- _PROMPT_
The records below are to be copied word for word, with every picture left out.

Segment Start: RECORD EXCERPTS

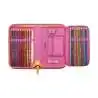 DERDIEDAS Schulrucksack ErgoFlex TINY Set - 6 tlg ECO Pink Planet Schüleretui offen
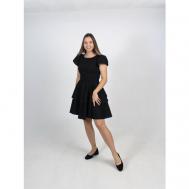 Платье хлопок, прилегающее, до колена, размер 46, черный bramble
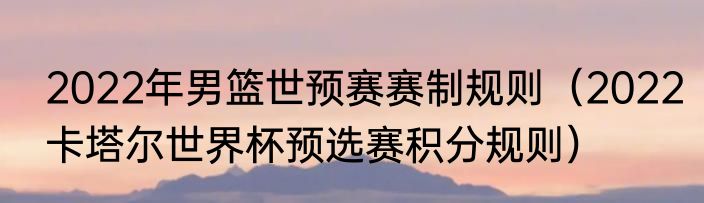 2022年男篮世预赛赛制规则（2022卡塔尔世界杯预选赛积分规则）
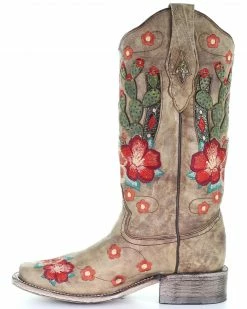 Corral Women's Cactus Floral Embroidery Overlay Western Boots - Narrow Square Toe Taupe -Corral Boots Shop 2000282865 251 P3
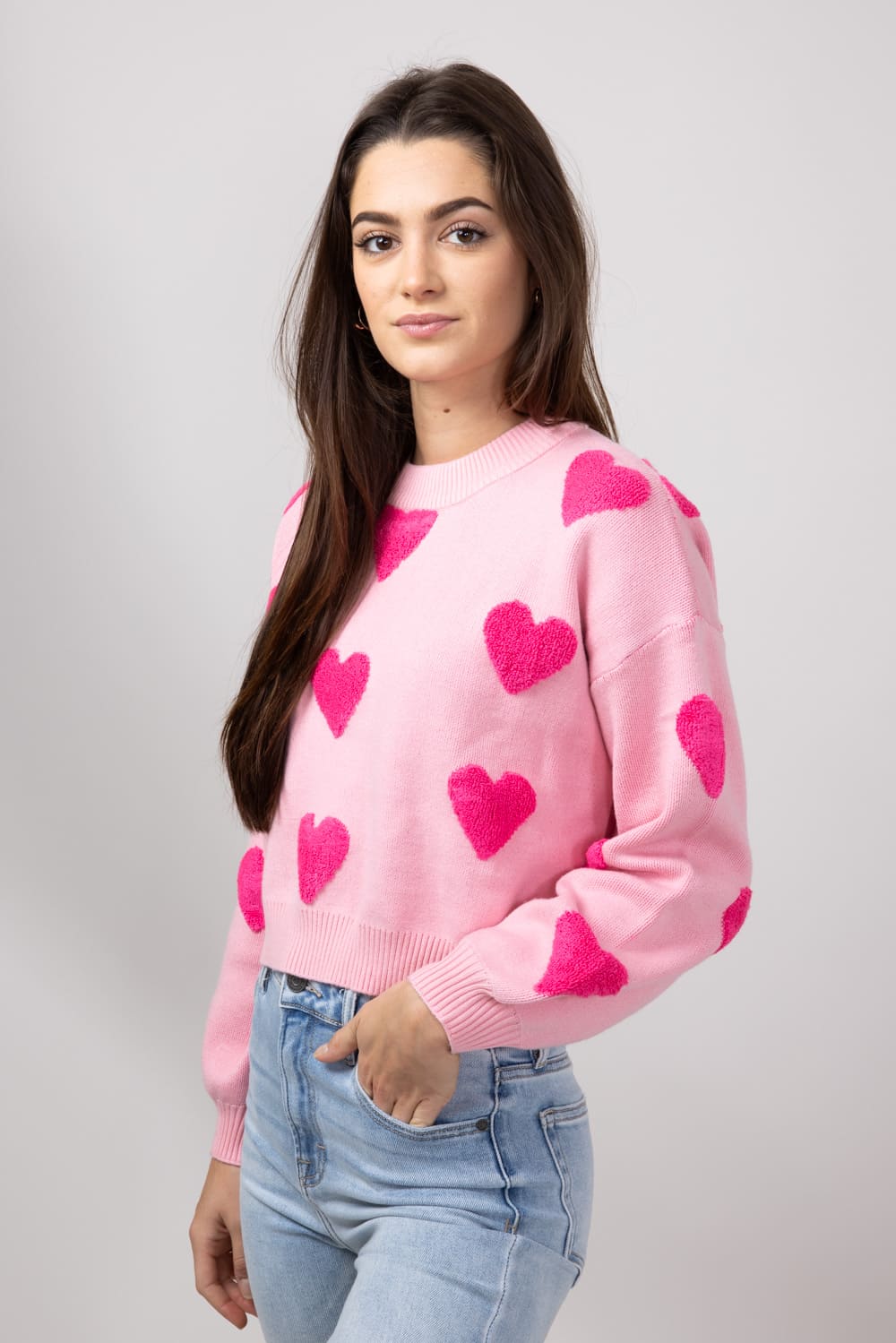 Simply Southern Cropped Valentines Sweater for Women in Pink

Segment End: RECORD EXCERPTS

- _TASK ANSWER_
 DERDIEDAS Schulrucksack ErgoFlex TINY Set - 6 tlg ECO Pink Planet Schüleretui offen
 Платье хлопок, прилегающее, до колена, размер 46, черный bramble
 2022年男篮世预赛赛制规则（2022卡塔尔世界杯预选赛积分规则）
 Corral Women's Cactus Floral Embroidery Overlay Western Boots - Narrow Square Toe Taupe -Corral Boots Shop 2000282865 251 P3
 Simply Southern Cropped Valentines Sweater for Women in Pink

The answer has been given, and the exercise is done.